PROBLEM TO WORK ON: Report all lines below with the word "article".

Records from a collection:
^^^^^^^^

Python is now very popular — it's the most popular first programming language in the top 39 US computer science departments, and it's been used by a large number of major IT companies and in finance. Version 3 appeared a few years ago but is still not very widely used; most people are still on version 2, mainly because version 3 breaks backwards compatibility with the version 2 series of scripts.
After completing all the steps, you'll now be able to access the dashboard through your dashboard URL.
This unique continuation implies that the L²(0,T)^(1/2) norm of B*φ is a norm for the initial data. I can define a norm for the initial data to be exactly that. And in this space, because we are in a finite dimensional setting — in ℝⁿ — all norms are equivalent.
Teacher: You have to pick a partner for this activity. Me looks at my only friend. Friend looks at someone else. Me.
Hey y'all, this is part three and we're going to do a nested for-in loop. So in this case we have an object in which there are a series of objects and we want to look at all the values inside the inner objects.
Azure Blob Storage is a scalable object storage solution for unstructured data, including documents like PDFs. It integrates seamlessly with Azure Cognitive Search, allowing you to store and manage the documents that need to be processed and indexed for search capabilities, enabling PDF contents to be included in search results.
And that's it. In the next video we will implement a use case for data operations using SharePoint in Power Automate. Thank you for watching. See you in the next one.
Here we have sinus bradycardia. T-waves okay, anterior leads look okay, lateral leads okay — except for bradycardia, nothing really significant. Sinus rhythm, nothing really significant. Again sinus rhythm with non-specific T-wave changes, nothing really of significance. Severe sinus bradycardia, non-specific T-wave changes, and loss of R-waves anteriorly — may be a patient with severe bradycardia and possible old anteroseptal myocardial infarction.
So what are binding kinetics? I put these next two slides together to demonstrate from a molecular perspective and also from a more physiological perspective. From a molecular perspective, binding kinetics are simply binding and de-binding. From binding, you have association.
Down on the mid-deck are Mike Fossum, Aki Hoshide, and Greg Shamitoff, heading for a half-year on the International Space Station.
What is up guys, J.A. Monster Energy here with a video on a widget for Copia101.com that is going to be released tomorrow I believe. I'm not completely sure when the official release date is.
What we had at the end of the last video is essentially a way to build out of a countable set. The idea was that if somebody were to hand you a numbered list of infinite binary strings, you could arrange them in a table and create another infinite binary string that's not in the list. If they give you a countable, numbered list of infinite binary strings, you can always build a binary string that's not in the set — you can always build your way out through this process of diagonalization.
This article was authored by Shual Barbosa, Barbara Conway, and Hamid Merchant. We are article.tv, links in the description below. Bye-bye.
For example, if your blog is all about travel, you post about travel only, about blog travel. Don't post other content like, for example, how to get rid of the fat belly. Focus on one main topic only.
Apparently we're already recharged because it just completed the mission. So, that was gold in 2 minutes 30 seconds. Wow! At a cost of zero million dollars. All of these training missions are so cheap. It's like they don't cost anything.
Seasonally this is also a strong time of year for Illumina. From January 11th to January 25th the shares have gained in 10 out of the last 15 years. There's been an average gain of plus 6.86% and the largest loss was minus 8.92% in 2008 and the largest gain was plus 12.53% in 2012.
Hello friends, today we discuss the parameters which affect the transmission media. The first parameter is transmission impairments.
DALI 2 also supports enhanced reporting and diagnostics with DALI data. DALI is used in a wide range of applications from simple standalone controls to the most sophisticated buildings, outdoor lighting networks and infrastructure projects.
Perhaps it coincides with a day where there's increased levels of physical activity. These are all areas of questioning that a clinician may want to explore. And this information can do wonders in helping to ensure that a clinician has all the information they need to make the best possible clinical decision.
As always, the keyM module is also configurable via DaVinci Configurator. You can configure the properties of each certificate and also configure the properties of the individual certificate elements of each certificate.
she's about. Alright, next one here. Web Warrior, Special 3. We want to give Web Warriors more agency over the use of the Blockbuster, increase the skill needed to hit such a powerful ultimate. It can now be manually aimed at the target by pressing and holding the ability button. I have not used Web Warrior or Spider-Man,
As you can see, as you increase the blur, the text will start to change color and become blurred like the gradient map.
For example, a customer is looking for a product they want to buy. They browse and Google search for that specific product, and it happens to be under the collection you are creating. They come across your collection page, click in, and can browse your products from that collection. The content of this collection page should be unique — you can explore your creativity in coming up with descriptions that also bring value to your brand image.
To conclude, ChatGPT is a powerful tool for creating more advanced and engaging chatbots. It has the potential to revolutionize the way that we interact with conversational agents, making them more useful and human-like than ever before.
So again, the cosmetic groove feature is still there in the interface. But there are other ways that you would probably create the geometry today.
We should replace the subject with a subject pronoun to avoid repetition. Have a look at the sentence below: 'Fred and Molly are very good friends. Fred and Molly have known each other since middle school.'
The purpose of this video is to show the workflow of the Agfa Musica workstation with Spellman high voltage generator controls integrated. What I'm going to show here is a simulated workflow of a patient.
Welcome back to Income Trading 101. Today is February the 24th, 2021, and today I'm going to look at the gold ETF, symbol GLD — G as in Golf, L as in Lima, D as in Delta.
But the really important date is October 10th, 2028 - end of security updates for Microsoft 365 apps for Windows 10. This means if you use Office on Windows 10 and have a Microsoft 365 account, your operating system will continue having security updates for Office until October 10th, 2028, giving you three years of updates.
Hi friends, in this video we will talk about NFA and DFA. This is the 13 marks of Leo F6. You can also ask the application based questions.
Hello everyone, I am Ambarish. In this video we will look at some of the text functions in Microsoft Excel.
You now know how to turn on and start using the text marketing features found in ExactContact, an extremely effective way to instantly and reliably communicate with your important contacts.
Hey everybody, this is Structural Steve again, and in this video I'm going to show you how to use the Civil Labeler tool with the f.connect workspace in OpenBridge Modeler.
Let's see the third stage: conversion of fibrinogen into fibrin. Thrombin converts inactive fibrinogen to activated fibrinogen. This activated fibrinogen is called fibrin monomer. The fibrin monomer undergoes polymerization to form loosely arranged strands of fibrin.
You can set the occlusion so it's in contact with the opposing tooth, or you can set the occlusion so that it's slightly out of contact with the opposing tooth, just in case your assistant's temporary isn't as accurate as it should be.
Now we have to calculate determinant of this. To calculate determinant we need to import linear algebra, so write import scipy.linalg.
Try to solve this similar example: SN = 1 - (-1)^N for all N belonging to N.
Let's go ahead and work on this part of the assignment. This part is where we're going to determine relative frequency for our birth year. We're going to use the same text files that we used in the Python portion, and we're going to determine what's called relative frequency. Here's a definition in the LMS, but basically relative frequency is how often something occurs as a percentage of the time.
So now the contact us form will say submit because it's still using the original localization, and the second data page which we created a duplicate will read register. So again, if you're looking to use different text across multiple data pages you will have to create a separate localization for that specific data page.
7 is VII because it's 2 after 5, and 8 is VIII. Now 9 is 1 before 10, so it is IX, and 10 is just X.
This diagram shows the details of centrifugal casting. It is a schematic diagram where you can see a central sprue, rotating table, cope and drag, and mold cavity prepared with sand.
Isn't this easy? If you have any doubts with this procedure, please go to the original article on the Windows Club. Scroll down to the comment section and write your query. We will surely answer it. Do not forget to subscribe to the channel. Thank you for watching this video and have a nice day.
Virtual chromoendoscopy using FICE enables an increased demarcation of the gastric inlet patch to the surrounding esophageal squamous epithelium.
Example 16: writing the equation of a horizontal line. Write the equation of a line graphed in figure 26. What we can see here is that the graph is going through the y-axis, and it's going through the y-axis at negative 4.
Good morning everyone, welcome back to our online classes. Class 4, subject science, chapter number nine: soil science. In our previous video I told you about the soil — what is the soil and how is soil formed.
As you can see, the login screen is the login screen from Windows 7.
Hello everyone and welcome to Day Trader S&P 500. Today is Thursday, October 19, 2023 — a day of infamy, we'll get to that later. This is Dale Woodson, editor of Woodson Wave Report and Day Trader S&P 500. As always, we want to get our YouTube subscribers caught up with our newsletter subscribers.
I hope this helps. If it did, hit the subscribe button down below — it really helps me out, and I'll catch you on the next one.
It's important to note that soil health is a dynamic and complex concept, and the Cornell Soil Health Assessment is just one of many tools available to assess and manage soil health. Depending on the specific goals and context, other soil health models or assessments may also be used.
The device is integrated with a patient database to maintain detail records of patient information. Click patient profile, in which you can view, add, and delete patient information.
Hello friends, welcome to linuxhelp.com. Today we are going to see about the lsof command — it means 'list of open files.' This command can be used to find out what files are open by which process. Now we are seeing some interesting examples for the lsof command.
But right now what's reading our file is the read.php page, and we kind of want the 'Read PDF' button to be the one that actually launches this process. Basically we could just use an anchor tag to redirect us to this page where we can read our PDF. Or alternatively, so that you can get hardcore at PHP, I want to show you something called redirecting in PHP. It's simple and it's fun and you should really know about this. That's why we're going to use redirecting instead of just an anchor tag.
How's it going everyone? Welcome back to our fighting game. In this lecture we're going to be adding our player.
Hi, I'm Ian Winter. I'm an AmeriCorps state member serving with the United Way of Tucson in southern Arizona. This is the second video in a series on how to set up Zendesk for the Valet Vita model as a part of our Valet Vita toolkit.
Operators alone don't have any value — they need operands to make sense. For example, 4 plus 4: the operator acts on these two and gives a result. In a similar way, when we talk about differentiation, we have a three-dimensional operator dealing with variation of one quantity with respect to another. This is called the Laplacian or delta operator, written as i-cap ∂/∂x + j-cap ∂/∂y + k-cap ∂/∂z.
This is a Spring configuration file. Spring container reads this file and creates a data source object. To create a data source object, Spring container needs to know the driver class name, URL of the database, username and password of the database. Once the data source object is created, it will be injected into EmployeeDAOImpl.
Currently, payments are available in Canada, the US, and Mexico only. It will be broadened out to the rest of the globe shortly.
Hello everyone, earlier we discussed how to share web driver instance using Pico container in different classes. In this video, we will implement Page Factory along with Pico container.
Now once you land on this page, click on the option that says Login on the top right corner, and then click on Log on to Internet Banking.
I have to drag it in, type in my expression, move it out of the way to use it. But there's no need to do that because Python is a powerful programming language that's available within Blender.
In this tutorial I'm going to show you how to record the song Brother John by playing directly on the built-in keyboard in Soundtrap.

^^^^^^^^

ANSWER SECTION:
This article was authored by Shual Barbosa, Barbara Conway, and Hamid Merchant. We are article.tv, links in the description below. Bye-bye.
Isn't this easy? If you have any doubts with this procedure, please go to the original article on the Windows Club. Scroll down to the comment section and write your query. We will surely answer it. Do not forget to subscribe to the channel. Thank you for watching this video and have a nice day.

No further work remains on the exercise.